SIM News

Words Of Wisdom On Leadership From Bishop Andy Doyle

Words Of Wisdom On Leadership From Bishop Andy Doyle

03/28/21

In April, I spent an hour talking with Bishop Andrew Doyle of Texas, who has written extensively on the future of the church as well as his own share on the church in an age of transition: Citizen: Faithful Discipleship in a Partisan World and Vocatio: Imaging a Visible Church, and A Generous Community: Being the Church in a New Missionary Age, among others. Bishop Andy believes that in speaking of Christ & Culture, our cultural assumptions are outdated and not attuned to what the culture thinks and actually is. “Even H. Richard Niebuhr’s iconic assumptions,” he claims, “are old.” CVC

‘When we look at organizational structures, we always and only can see [from the perspective of ] looking back into the past or projecting into the future. We can’t see – or we have a very difficult time of seeing – organizations making paradigm shifts in the present, as they are occurring. You can only see this in retrospect. Adaptive change happens at interconnected levels, simultaneously, and you need the perspective of looking back on it in order to be able to see it.

If you’ve ever watched America’s Test Kitchen, the hit TV cooking show, there is an analogy. It’s not one thing that makes the best chicken. It’s different choices in multiple categories that all come together – choosing the best quality chicken to begin with; choosing the best combination of herbs to season it; perfecting the cooking time, temperature, etc. Similarly, doing my thing better is not going to fix it all when we’re talking about the church. Adaptive change that truly advances the life and mission of the church involves everything, and tinkering with it over hundreds of years: how we engage discipleship, the formation of the baptized, its content and how that is delivered, what kind of formation do you offer people? What is the ongoing formation and support of disciples in the wider system? I see the early disciples engaging a kind of action and reflection model over time that leads to adaptive change over time.
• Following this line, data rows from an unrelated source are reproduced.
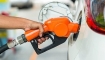 LPG'de İndirim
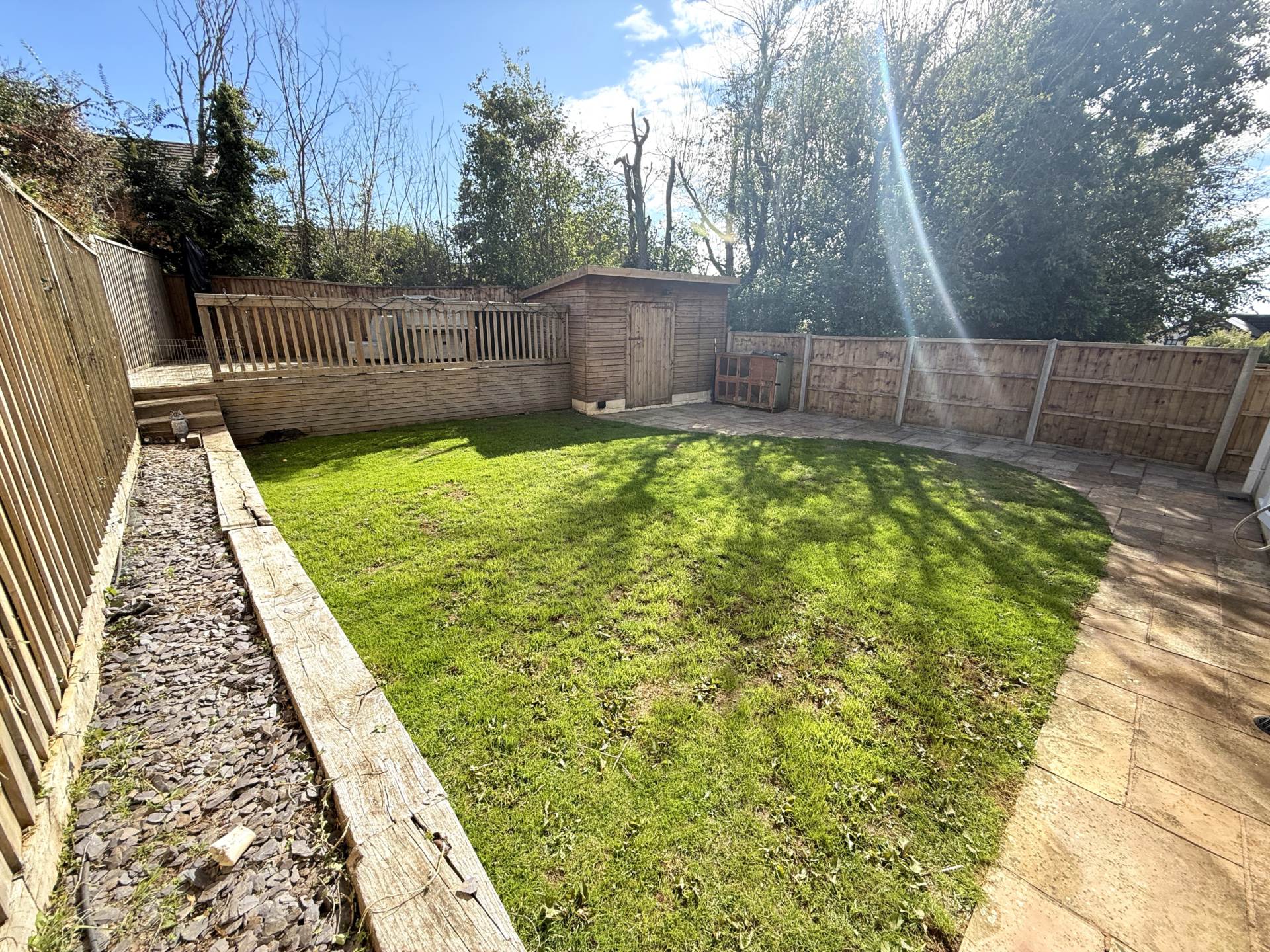 Additional Property Image 5 bedroom Detached for sale in Exmouth 15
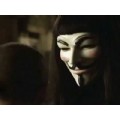 EnjoyTheSilence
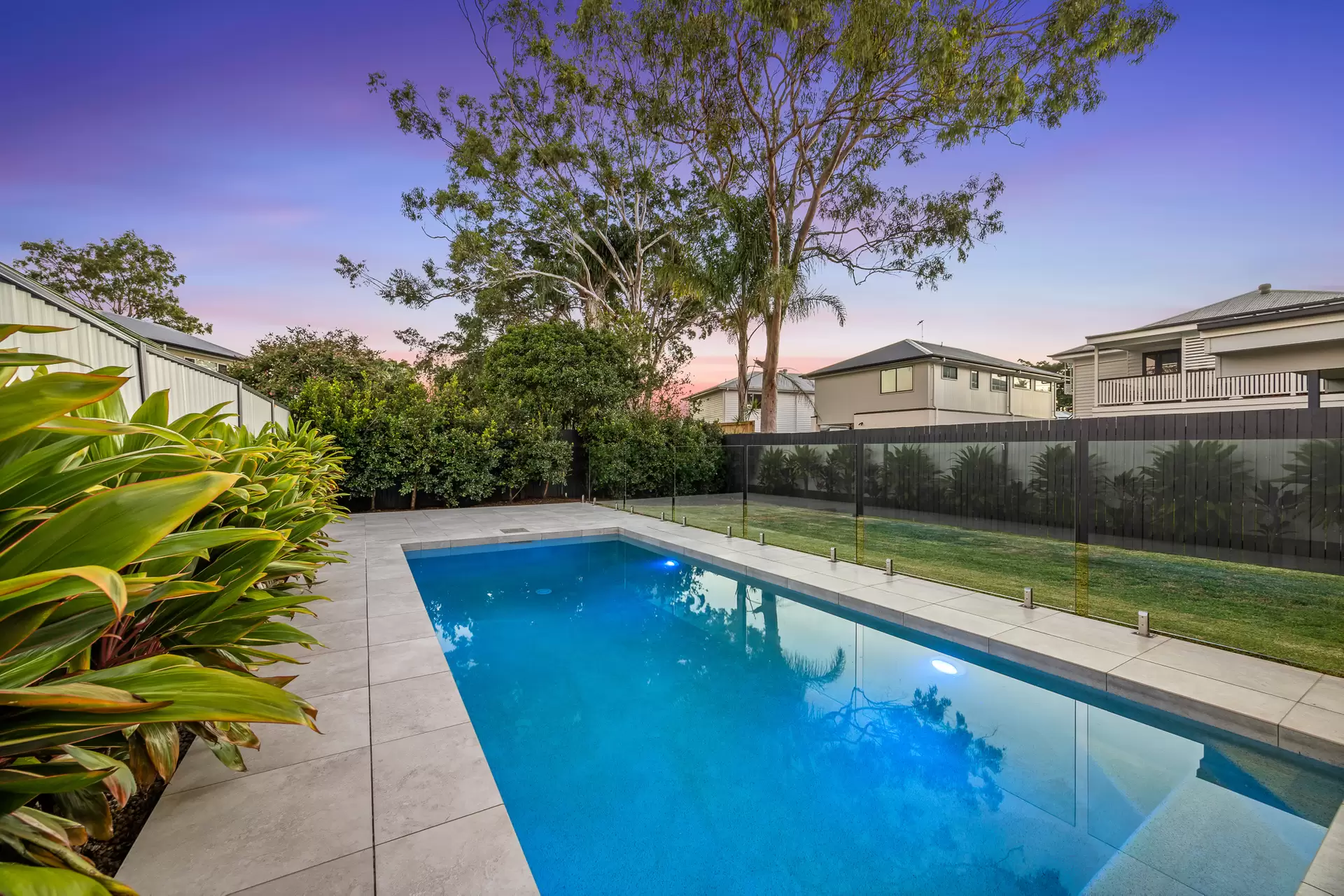 51 Junior Terrace, Northgate Sold by Aurora Property - image 1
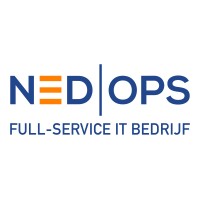 NedOps B.V. logo - Similar company to Quality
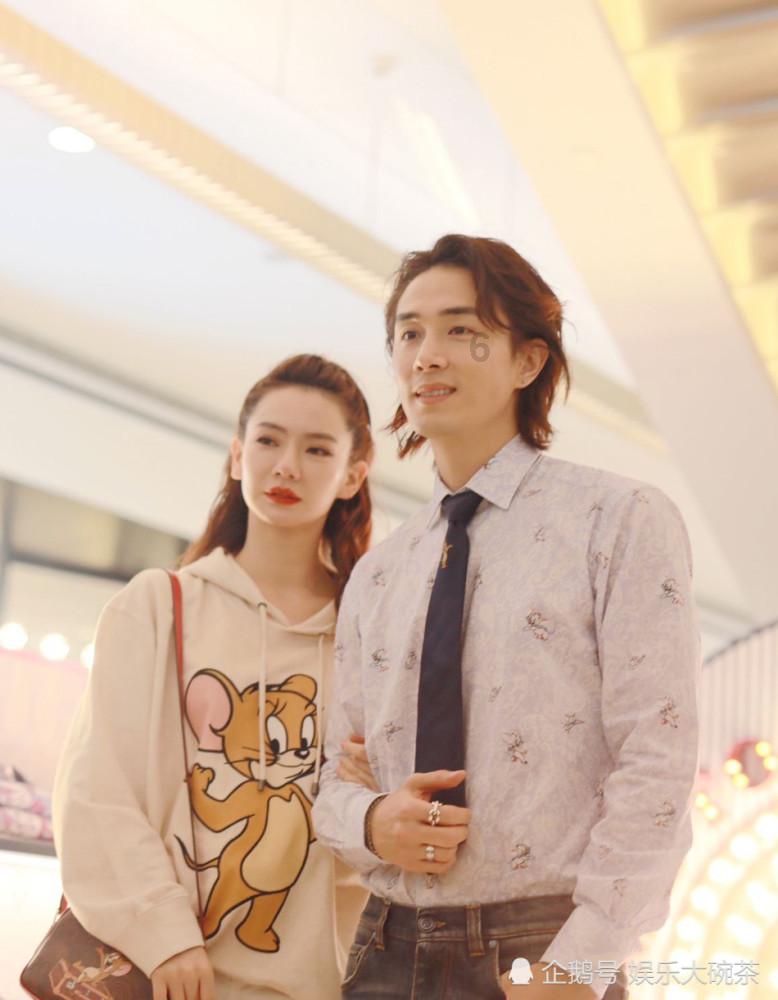公子是女生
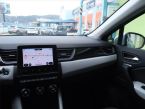 Renault Captur - fotka číslo 7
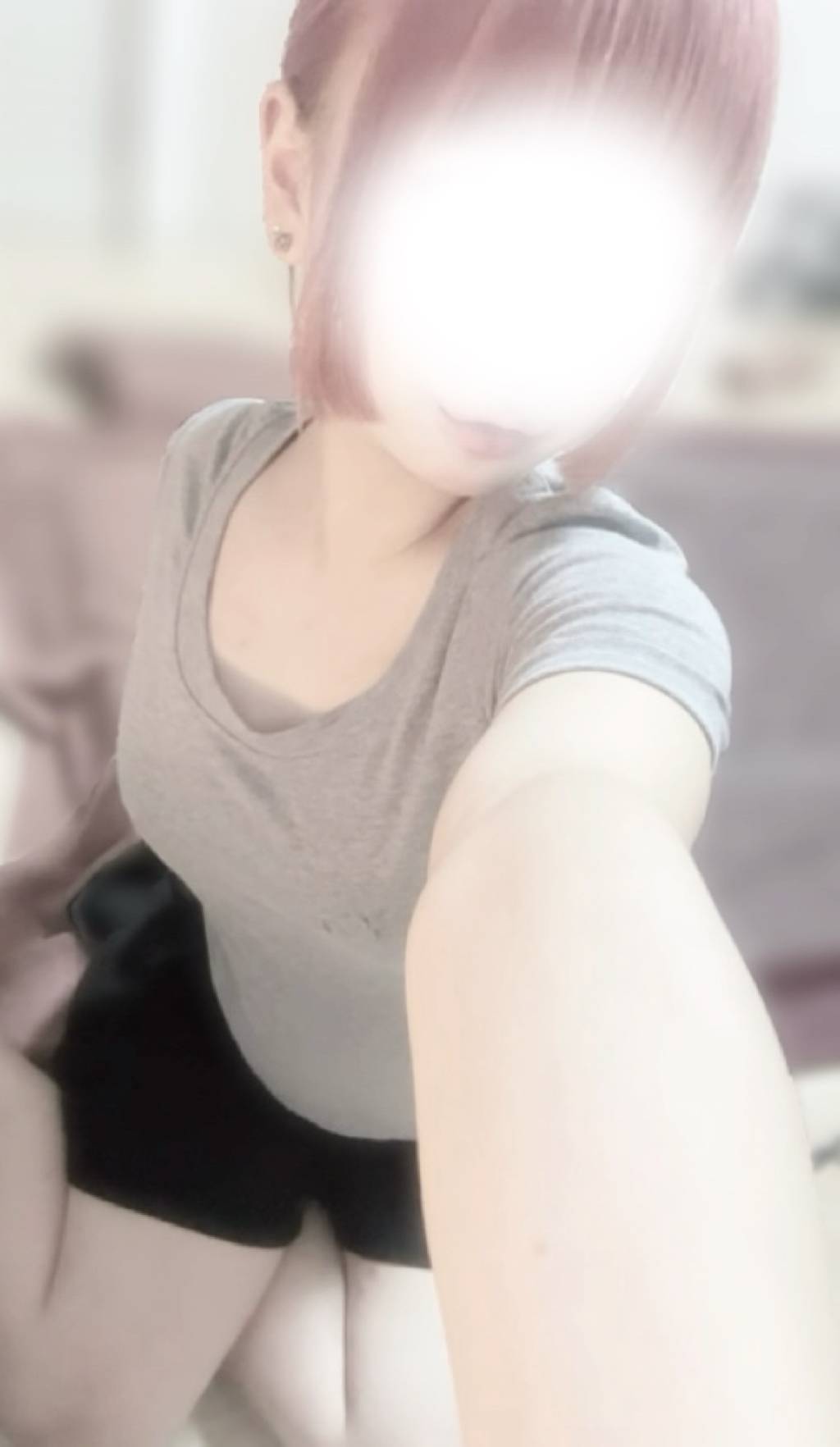 さみしい(´._.｀)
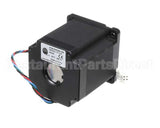EA-MOT-06-156 Wunder-Bar Turntable Motor Assembly - Double Stack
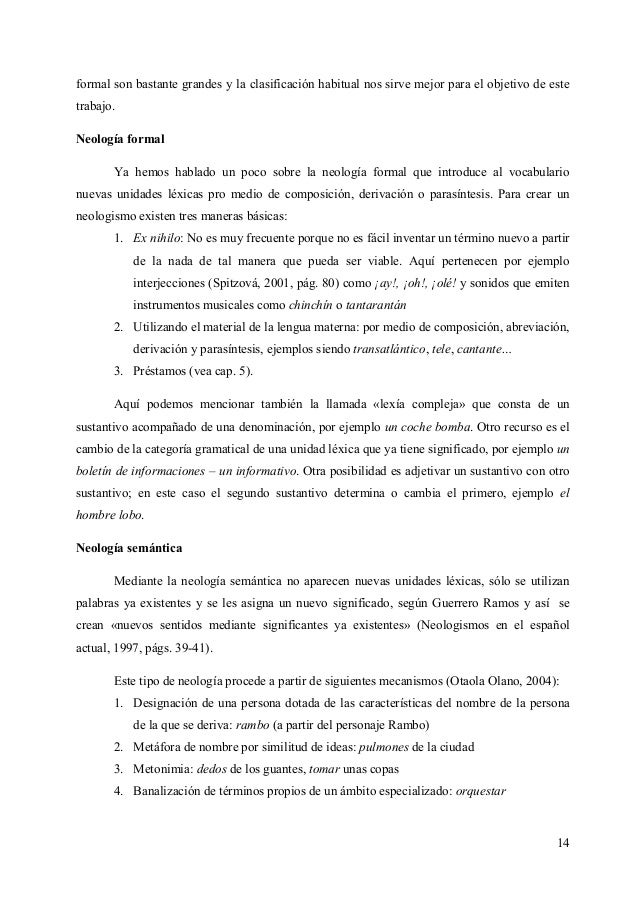 Thesis Esp thesis esp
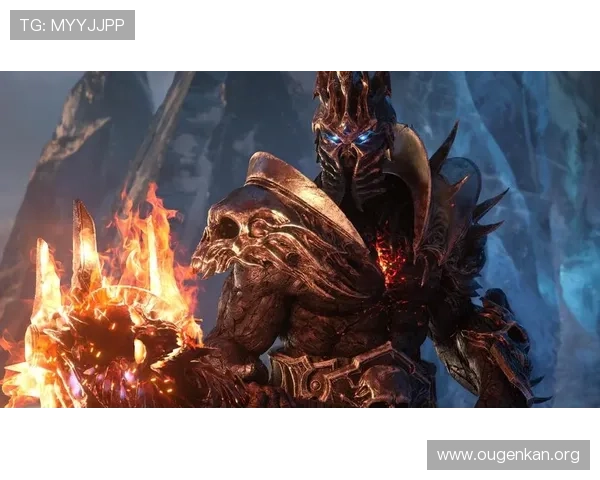 欧博登录官方网客户端下载与安装步骤详解确保顺利进入游戏世界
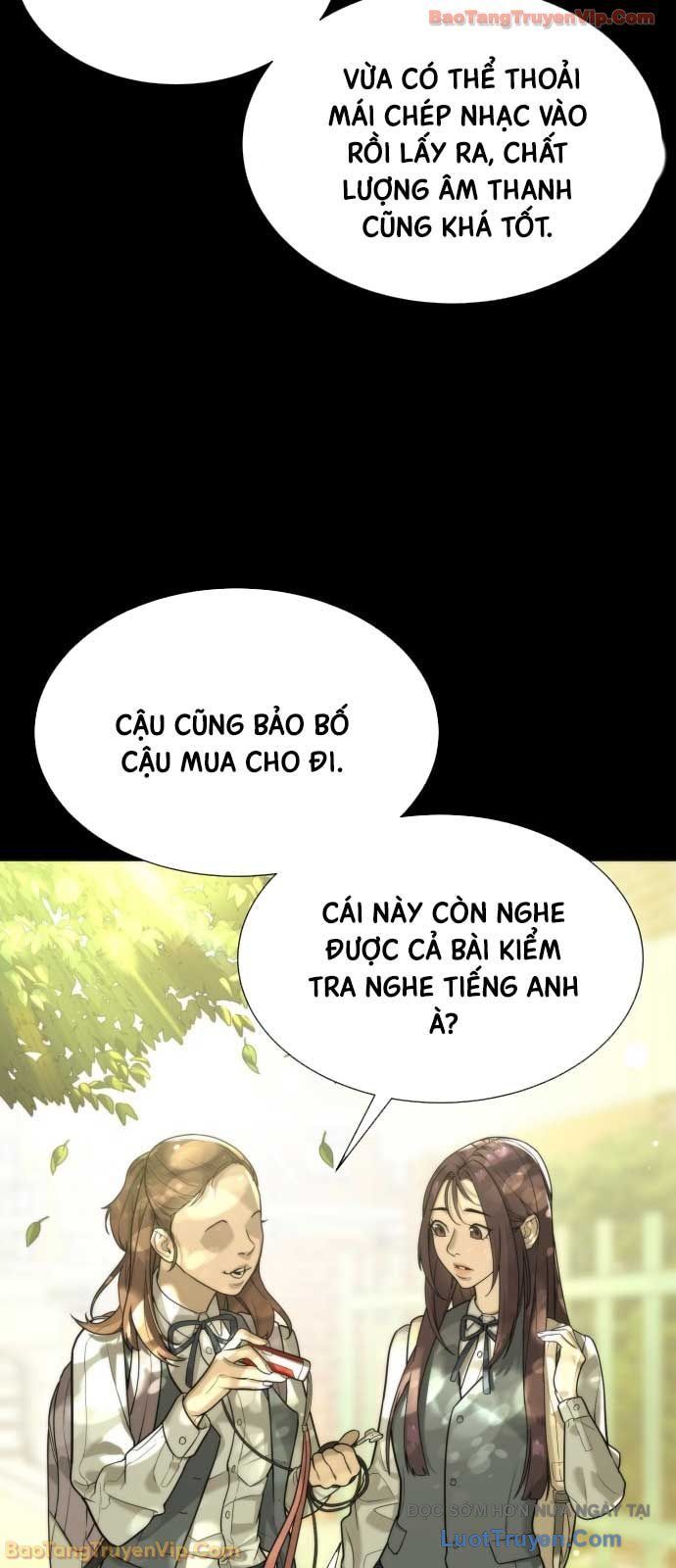 Chương 105 - Trang 69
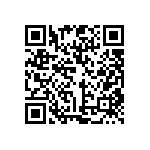 TVP00RS-9-9PA-P2 QRCode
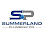 Plomero Summerland Plumbing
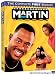Martin - The Complete First Season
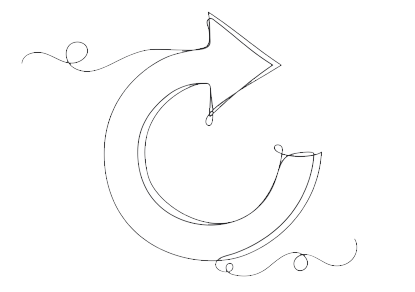 ciclo menstrual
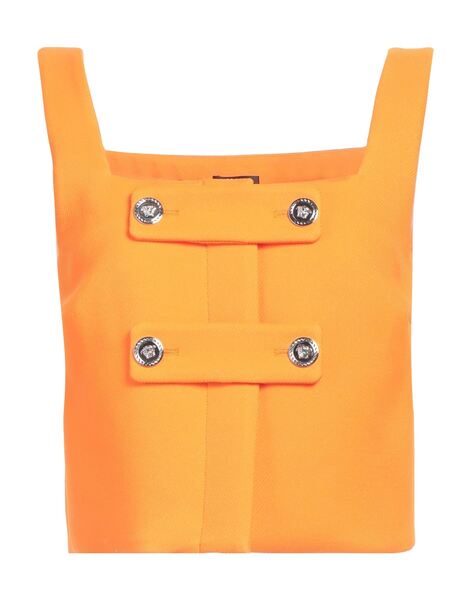  Versace - Tops - Tops - On Yoox.com 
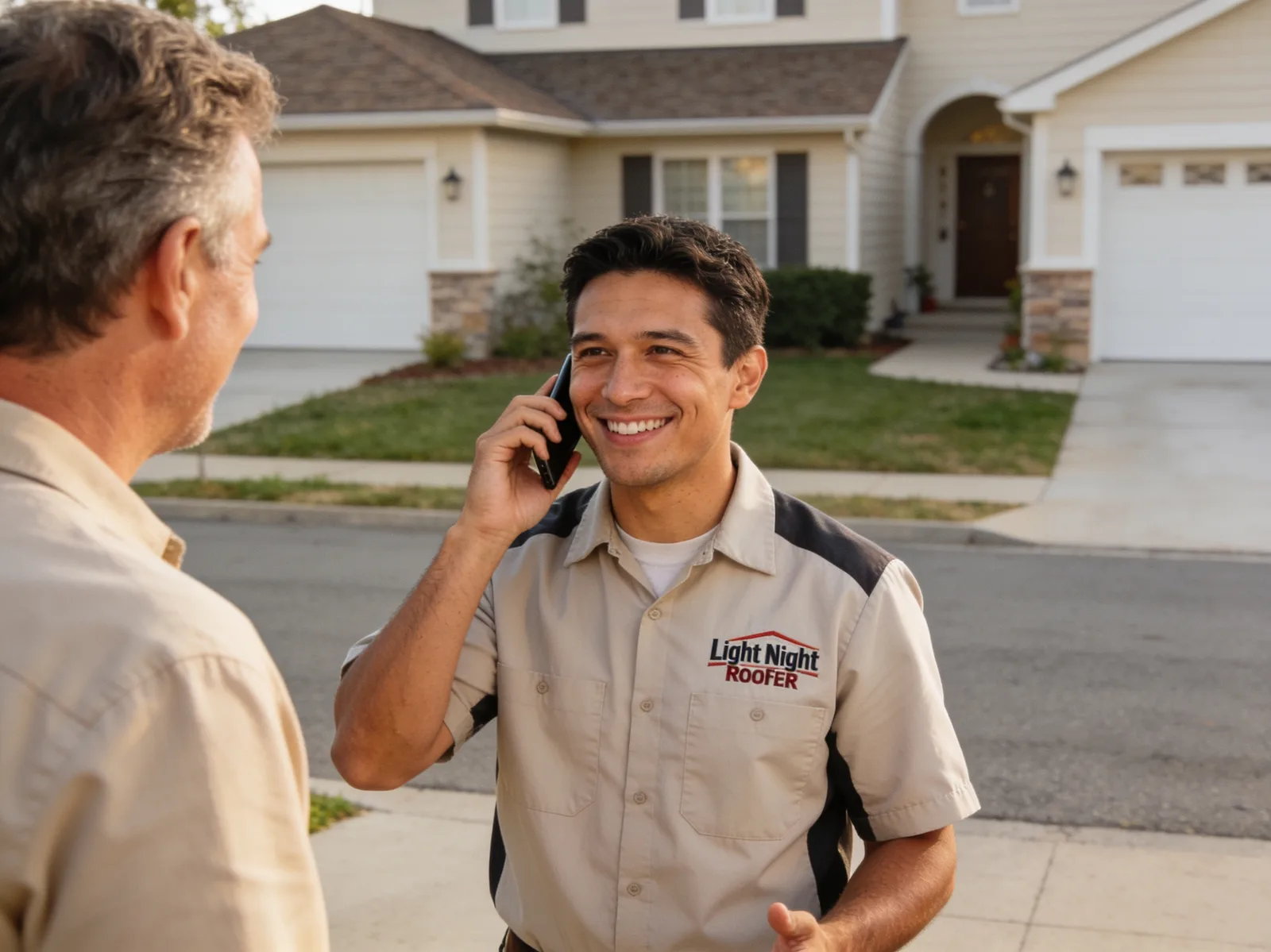 Emergency Roof Repair Holland, MI FAQs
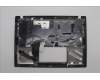 5M11H94544 Lenovo MECH_ASM BL KB BK MG WW NORDIC LTN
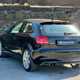 Audi A3 Hatchback (03-12) 2.0 TDI (170bhp) Quattro S Line (08) 3d For Sale - Blackline Motors Ltd, Oldham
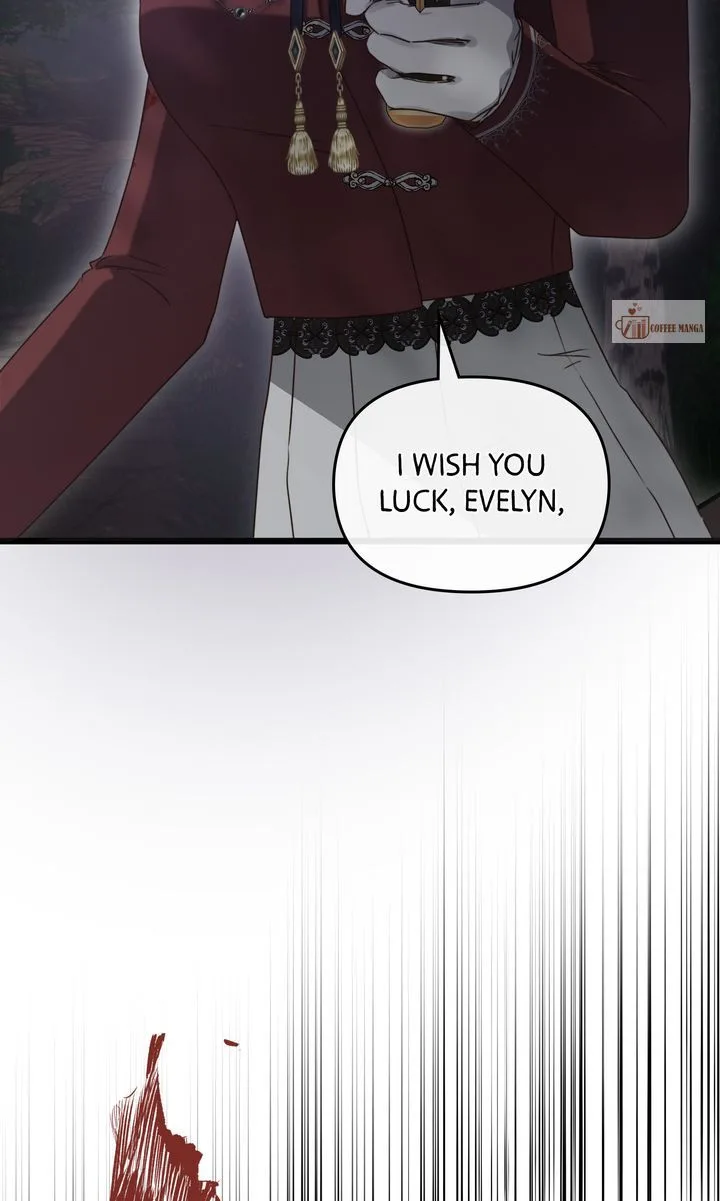 But Please, Help Me Chapter 49 page 87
After eleven years as a bishop, I have learned one size does not fit all, and one thing is not going to change the church.

What is important is creating a safe space for adaptability and experimentation. How do you teach people to hold that safe space? I believe we need to form leaders for that, mentoring them through experiments in discipleship. We need to take people under our wings and support them as they play with all this.

I think of Frank Griswold and how all the crazy things he did as a liturgist in his late twenties made him who he is. We’ve got to let people do that. If we’re going to invest in the crafting of adaptive change, we have to give people the space for experimentation. For example, one of our most innovative priests – a church planter – is in conversation with a nondenominational, predominantly Asian, multi-cultural church about becoming an Episcopal church. Someone said, “The bishop will never let you do that.” Which begs the question, do we really want radical creativity? Organizations get the people they want. Right now, we have lots of people who are pastorally gifted and really good listeners. But we are at zero in terms of innovation.

The system picks the people who look like the system – otherwise, we weed them out. If you want that to change, you have to get much more comfortable with people who have their own ideas and who won’t necessarily listen to or agree with you. I think about the 1500 people attending 91 house churches in our diocese in any given week, and 90% are from no church background. People engaged in these churches have a better understanding.